In the United Kingdom, succession is governed by the Act of Union of 1800, which reinstated the Act of Settlement of 1701 and the Bill of Rights of 1689.
These stated that Protestant heirs of Princess Sophia, grand daughter of King James Ist only may become monarchs of the United Kingdom of Great Britain and Northern Ireland.
Catholics, individuals who marry a Catholic or individuals born out of wedlock cannot remain in the line of succession.
In practice, the crown was passed from the monarch to the eldest son. If a monarch had sons, they took precedence over the daughters. In the case of Elisabeth II, King George VI had no sons and the crown was handed down to his eldest daughter. In turn, the crown will be handed down to her eldest son, Prince Charles of Wales. This meant that even though, the Princess Royal, Princess Ann, is older than her brothers Prince Andrew and Prince Edward, they come before her in the line of succession.
However, a law passed on March 26th 2015 has removed the male bias from the succession rules, which means that the future Princess of Cambridge will not lose her place in the line of succession even if she were to have one or more younger brothers.
The current line of succession is the following.

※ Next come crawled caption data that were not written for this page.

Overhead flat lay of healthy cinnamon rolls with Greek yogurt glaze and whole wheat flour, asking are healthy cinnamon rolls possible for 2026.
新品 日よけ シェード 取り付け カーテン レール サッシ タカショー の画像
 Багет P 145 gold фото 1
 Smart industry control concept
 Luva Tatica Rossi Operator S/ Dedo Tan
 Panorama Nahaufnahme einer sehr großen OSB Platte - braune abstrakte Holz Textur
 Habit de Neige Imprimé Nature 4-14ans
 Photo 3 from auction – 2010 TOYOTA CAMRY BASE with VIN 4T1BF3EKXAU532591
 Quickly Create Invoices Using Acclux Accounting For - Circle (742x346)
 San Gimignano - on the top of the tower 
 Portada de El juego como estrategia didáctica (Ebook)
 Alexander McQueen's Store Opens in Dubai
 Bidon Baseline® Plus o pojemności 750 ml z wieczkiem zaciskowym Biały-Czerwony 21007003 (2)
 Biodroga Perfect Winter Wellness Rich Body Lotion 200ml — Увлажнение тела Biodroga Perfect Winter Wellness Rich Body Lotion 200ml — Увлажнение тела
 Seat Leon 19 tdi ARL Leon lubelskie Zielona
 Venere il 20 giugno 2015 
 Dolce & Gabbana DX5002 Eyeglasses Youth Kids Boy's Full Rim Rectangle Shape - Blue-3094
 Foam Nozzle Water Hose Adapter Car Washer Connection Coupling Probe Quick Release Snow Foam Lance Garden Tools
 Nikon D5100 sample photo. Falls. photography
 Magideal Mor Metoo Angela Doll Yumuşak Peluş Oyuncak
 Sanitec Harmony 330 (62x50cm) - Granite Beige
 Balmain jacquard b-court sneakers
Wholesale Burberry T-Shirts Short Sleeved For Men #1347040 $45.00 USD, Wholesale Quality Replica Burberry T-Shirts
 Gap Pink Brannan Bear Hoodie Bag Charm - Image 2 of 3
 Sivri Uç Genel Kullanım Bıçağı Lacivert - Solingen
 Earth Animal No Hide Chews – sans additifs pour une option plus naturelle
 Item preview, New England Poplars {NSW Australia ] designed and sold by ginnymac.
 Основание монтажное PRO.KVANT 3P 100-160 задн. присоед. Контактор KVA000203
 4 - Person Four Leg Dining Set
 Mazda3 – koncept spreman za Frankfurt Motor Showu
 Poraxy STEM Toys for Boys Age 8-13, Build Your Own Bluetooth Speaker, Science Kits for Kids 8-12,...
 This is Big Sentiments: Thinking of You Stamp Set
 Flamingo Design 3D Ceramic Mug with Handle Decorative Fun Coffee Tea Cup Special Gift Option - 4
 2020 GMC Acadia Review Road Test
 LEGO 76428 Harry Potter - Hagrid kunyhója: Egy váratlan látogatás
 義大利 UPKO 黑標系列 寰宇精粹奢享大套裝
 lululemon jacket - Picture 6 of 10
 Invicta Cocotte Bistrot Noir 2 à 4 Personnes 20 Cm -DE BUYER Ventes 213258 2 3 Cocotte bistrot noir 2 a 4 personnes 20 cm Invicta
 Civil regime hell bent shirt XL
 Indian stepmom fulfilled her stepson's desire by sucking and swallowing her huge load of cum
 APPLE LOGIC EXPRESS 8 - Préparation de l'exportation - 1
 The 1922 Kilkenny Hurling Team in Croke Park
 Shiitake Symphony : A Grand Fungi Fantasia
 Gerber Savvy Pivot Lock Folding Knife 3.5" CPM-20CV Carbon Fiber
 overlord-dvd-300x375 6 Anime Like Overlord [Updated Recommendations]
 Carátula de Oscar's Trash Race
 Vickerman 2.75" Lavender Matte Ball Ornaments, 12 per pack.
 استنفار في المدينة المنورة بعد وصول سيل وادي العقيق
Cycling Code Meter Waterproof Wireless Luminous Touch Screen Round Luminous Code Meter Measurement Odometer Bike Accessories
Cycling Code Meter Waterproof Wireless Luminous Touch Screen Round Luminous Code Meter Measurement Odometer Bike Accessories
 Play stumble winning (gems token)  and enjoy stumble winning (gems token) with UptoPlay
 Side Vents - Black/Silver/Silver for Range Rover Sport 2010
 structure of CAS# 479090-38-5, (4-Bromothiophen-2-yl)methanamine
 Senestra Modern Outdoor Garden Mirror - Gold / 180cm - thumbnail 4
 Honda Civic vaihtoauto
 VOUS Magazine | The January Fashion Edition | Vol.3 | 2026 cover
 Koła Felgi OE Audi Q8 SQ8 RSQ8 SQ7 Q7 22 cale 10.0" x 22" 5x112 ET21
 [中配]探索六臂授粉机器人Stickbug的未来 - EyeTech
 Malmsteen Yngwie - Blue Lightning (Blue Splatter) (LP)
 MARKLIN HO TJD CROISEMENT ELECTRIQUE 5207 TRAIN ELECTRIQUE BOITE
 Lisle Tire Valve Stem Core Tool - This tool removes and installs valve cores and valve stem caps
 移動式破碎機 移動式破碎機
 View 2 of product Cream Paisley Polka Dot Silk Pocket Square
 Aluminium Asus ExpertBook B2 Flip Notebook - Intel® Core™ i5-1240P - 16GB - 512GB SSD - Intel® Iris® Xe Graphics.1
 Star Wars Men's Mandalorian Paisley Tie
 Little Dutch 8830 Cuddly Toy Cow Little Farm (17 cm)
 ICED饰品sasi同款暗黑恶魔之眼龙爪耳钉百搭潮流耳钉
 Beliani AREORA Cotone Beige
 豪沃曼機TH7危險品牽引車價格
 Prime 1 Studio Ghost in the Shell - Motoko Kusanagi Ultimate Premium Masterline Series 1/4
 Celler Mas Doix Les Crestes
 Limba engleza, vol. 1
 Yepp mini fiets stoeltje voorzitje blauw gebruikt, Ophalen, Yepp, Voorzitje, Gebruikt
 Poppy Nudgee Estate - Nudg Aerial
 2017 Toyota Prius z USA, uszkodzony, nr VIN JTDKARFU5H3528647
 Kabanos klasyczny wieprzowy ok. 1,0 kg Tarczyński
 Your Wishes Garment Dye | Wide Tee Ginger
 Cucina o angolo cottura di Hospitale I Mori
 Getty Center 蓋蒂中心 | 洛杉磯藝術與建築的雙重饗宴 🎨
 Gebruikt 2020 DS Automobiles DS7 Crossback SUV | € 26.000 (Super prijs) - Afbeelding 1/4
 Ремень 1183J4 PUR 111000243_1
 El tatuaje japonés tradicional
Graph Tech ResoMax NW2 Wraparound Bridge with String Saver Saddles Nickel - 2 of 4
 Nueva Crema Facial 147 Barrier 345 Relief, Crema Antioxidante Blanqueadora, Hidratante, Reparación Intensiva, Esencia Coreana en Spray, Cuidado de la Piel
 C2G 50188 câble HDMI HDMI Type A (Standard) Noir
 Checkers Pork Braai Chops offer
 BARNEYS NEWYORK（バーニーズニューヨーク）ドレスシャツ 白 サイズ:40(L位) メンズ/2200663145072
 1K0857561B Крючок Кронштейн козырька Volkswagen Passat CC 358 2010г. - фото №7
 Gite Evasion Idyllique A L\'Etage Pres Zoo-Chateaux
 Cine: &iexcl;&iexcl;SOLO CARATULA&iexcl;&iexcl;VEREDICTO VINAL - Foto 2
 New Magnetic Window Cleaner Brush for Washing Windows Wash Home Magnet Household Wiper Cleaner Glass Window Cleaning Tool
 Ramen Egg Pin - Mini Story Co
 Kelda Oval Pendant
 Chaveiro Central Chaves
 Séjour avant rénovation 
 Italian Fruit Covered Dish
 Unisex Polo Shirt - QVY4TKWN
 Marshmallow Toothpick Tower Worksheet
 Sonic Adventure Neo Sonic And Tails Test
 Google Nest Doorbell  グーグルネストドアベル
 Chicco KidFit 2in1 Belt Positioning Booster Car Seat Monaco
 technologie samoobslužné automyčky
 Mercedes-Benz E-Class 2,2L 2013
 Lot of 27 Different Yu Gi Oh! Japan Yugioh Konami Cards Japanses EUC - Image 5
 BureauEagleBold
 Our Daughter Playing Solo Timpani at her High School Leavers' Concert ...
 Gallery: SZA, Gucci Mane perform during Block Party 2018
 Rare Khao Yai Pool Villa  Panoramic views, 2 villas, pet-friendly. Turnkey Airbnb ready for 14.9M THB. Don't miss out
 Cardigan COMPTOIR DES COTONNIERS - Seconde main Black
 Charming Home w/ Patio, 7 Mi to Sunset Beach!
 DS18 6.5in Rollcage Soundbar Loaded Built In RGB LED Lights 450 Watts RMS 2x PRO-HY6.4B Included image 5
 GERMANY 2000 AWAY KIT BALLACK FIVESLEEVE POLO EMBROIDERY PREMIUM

- Prince Charles, Prince of Wales
- Prince William, Duke of Cambridge
- Prince George of Cambridge
- Princess (?) of Cambridge
- Prince Henry of Wales
- Prince Andrew, Duke of York
- Princess Beatrice of York
- Princess Eugenie of York
- Prince Edward, Earl of Wessex
- James Mountbatten-Windsor, Viscount Severn
- Lady Louise Mountbatten-Windsor
- Princess Ann, the Princess Royal
Incidentally, thanks to the new law, both Prince George and his little sister will also be able to marry Catholics without losing their place in the line of succession.